> WORK INSTRUCTION
Provide again, from the entries below, every line from the one containing "Diduga Honorer UPT" through the one containing "Jucarie pentru caini", exactly as written, and no other line.

PROVIDED ENTRIES section start

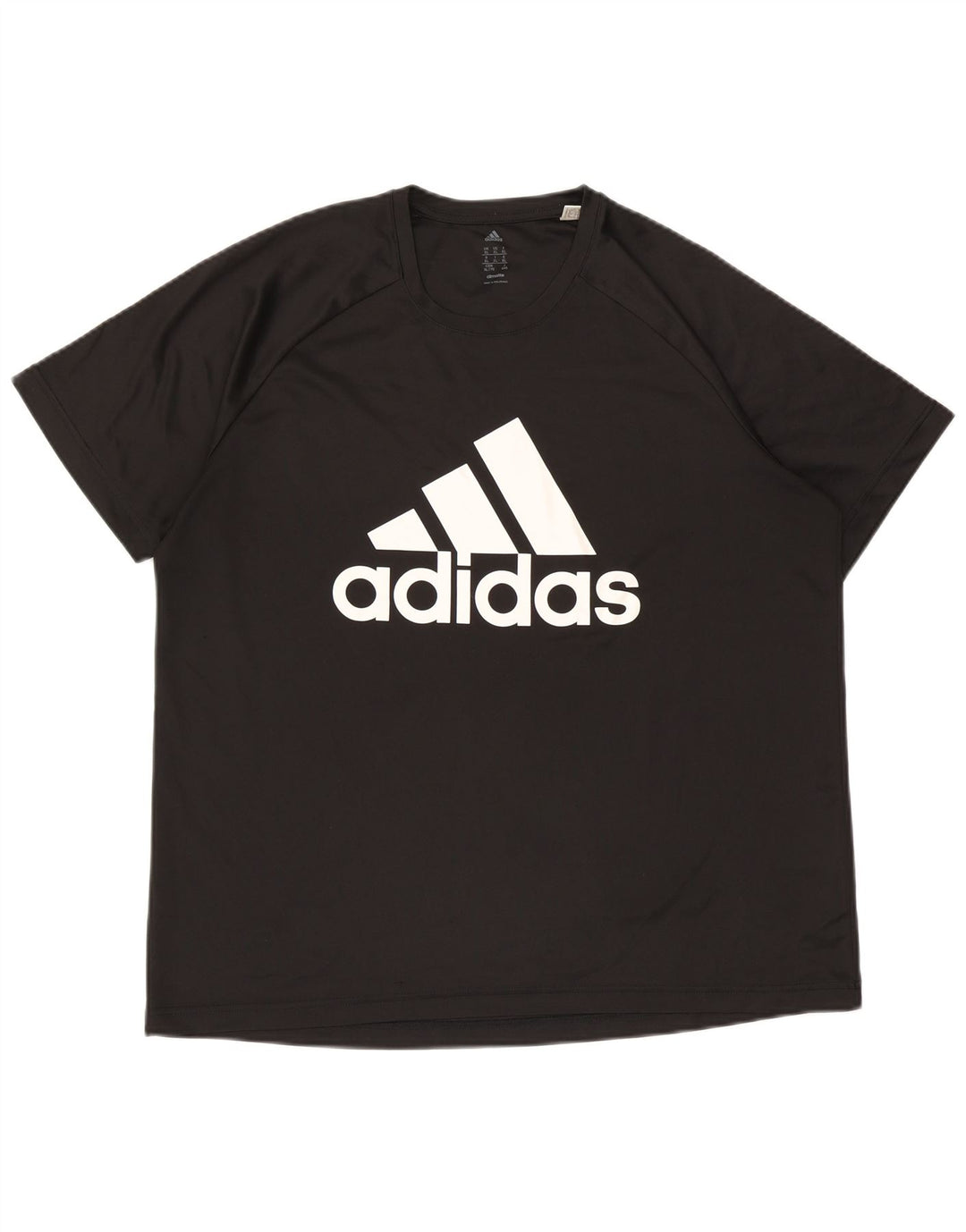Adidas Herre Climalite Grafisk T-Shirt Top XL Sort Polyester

PROVIDED ENTRIES section end
PROVIDED ENTRIES section start

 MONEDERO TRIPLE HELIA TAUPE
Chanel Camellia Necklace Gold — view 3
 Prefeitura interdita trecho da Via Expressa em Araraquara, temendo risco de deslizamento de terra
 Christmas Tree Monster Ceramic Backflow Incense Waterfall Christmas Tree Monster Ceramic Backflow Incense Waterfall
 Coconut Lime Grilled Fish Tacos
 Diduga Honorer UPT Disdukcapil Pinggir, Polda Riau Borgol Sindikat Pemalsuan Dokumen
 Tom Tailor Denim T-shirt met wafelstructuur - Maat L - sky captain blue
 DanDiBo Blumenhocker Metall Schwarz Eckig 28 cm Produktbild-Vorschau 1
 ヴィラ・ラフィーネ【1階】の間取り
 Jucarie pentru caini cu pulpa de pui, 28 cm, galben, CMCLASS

PROVIDED ENTRIES section end
PROVIDED ENTRIES section start

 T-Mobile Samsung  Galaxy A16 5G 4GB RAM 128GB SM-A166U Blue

PROVIDED ENTRIES section end

> SOLUTION TO THE EXERCISE
 Diduga Honorer UPT Disdukcapil Pinggir, Polda Riau Borgol Sindikat Pemalsuan Dokumen
 Tom Tailor Denim T-shirt met wafelstructuur - Maat L - sky captain blue
 DanDiBo Blumenhocker Metall Schwarz Eckig 28 cm Produktbild-Vorschau 1
 ヴィラ・ラフィーネ【1階】の間取り
 Jucarie pentru caini cu pulpa de pui, 28 cm, galben, CMCLASS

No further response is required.